The consequences of not mitigating your losses can be severe; it could mean a lower award of damages or even the claim being struck out! As such, the reduction of loss in legal claims serves the ends of justice and can help to reconcile the different claims of fairness, efficiency, and accountability in dispute resolution.
Conclusion
This avoids the problem of the claimant failing to act sensibly to mitigate their loss as per Stevens’s v Equity Syndicate Management (2015) and can be seen as the final deterrent of the credit hire model.
As this paper has discussed, the basic principle that claimants are required to take reasonable steps to mitigate losses in legal claims is a central tenet designed to ensure fairness and efficiency in dispute resolution.
The Stevens case provides a stark reminder of this responsibility, noting the potential need of claimants to leave no stone unturned in terms of finding ways to ameliorate their financial exposure.

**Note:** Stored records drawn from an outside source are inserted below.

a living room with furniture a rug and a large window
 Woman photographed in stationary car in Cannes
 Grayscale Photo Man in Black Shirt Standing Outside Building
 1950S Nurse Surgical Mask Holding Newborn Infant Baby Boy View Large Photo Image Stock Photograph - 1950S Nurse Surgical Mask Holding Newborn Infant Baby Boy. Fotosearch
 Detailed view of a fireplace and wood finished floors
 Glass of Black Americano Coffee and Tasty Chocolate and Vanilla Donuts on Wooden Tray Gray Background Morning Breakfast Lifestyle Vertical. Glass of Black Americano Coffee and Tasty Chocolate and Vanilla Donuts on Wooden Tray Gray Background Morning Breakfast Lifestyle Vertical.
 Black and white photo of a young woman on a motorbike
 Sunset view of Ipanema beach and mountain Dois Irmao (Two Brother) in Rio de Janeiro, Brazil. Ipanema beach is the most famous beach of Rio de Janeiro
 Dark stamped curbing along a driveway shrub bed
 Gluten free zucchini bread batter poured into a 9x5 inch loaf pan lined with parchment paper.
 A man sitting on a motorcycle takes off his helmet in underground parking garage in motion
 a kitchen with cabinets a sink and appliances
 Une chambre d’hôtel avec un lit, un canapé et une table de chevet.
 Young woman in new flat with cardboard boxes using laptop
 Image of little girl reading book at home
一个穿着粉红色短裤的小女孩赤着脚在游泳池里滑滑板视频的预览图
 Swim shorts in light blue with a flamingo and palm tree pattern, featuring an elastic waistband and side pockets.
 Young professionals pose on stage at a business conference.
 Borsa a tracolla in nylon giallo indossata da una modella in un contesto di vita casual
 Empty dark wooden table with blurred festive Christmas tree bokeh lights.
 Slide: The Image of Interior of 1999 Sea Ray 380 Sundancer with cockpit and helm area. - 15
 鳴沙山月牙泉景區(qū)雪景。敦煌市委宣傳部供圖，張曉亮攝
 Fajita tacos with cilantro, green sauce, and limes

Claimants who accommodate for the lapse by, for example, using their own insurance policies, sharing vehicles with friends or family after a collision or theft, or otherwise showing that they have taken action to prevent further loss can demonstrate their commitment to avoiding or reducing losses, while still ensuring use of the necessary vehicles.
Yet it is also important to recognize the real-world hurdles and circumstances to finding solutions that make economic and practical sense; not to mention the potential legal peril that could result from failing to do so. The Stevens case should provide important lessons learnt for not only legal practitioners but also claimants, navigating the difficulty of mitigating losses in a personal injury claim practically.
At the end of the day, with this formula, claimants can participate in a fair legal system and take appropriate cost-efficient methods and decrease the impact and resounding issue of balance. Justice for all.